*** INPUT MATERIAL Section Begins ***

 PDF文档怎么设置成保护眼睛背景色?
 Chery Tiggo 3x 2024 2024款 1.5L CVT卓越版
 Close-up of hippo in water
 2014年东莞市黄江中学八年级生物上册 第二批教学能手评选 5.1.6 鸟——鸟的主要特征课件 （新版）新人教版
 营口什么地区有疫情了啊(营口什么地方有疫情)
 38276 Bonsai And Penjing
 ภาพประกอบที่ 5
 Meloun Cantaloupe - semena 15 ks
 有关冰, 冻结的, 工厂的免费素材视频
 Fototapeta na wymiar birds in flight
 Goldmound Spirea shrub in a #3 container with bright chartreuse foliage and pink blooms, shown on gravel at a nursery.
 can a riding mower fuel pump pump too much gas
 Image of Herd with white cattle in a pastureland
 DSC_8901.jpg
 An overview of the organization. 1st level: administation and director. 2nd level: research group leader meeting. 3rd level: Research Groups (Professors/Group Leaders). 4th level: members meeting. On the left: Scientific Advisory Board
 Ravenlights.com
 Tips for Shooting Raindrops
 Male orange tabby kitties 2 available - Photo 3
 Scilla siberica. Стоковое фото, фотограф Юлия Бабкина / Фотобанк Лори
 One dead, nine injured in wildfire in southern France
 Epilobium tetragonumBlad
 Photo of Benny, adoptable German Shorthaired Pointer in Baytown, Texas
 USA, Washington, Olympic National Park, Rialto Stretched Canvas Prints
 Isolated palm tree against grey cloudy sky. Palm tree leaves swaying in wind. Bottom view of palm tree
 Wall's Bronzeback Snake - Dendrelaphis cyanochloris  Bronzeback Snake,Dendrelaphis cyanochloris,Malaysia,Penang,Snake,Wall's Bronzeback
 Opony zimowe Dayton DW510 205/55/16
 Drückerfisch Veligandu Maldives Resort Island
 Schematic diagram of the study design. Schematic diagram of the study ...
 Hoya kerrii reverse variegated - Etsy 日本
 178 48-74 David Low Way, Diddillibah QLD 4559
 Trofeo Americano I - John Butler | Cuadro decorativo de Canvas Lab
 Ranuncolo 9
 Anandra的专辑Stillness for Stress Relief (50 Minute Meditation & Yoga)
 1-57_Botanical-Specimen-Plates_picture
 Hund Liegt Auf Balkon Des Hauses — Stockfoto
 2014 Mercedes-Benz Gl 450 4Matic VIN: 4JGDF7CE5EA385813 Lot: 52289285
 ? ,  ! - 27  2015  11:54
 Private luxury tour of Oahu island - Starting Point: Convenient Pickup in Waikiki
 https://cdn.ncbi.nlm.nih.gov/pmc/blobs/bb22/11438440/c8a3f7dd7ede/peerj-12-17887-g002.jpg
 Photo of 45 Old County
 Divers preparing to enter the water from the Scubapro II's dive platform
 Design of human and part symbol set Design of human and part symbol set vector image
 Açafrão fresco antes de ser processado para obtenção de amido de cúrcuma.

*** INPUT MATERIAL Section Ends ***

EXERCISE BRIEF | Having read the entries above, repeat them exactly.

ANSWER BOX |
 PDF文档怎么设置成保护眼睛背景色?
 Chery Tiggo 3x 2024 2024款 1.5L CVT卓越版
 Close-up of hippo in water
 2014年东莞市黄江中学八年级生物上册 第二批教学能手评选 5.1.6 鸟——鸟的主要特征课件 （新版）新人教版
 营口什么地区有疫情了啊(营口什么地方有疫情)
 38276 Bonsai And Penjing
 ภาพประกอบที่ 5
 Meloun Cantaloupe - semena 15 ks
 有关冰, 冻结的, 工厂的免费素材视频
 Fototapeta na wymiar birds in flight
 Goldmound Spirea shrub in a #3 container with bright chartreuse foliage and pink blooms, shown on gravel at a nursery.
 can a riding mower fuel pump pump too much gas
 Image of Herd with white cattle in a pastureland
 DSC_8901.jpg
 An overview of the organization. 1st level: administation and director. 2nd level: research group leader meeting. 3rd level: Research Groups (Professors/Group Leaders). 4th level: members meeting. On the left: Scientific Advisory Board
 Ravenlights.com
 Tips for Shooting Raindrops
 Male orange tabby kitties 2 available - Photo 3
 Scilla siberica. Стоковое фото, фотограф Юлия Бабкина / Фотобанк Лори
 One dead, nine injured in wildfire in southern France
 Epilobium tetragonumBlad
 Photo of Benny, adoptable German Shorthaired Pointer in Baytown, Texas
 USA, Washington, Olympic National Park, Rialto Stretched Canvas Prints
 Isolated palm tree against grey cloudy sky. Palm tree leaves swaying in wind. Bottom view of palm tree
 Wall's Bronzeback Snake - Dendrelaphis cyanochloris  Bronzeback Snake,Dendrelaphis cyanochloris,Malaysia,Penang,Snake,Wall's Bronzeback
 Opony zimowe Dayton DW510 205/55/16
 Drückerfisch Veligandu Maldives Resort Island
 Schematic diagram of the study design. Schematic diagram of the study ...
 Hoya kerrii reverse variegated - Etsy 日本
 178 48-74 David Low Way, Diddillibah QLD 4559
 Trofeo Americano I - John Butler | Cuadro decorativo de Canvas Lab
 Ranuncolo 9
 Anandra的专辑Stillness for Stress Relief (50 Minute Meditation & Yoga)
 1-57_Botanical-Specimen-Plates_picture
 Hund Liegt Auf Balkon Des Hauses — Stockfoto
 2014 Mercedes-Benz Gl 450 4Matic VIN: 4JGDF7CE5EA385813 Lot: 52289285
 ? ,  ! - 27  2015  11:54
 Private luxury tour of Oahu island - Starting Point: Convenient Pickup in Waikiki
 https://cdn.ncbi.nlm.nih.gov/pmc/blobs/bb22/11438440/c8a3f7dd7ede/peerj-12-17887-g002.jpg
 Photo of 45 Old County
 Divers preparing to enter the water from the Scubapro II's dive platform
 Design of human and part symbol set Design of human and part symbol set vector image
 Açafrão fresco antes de ser processado para obtenção de amido de cúrcuma.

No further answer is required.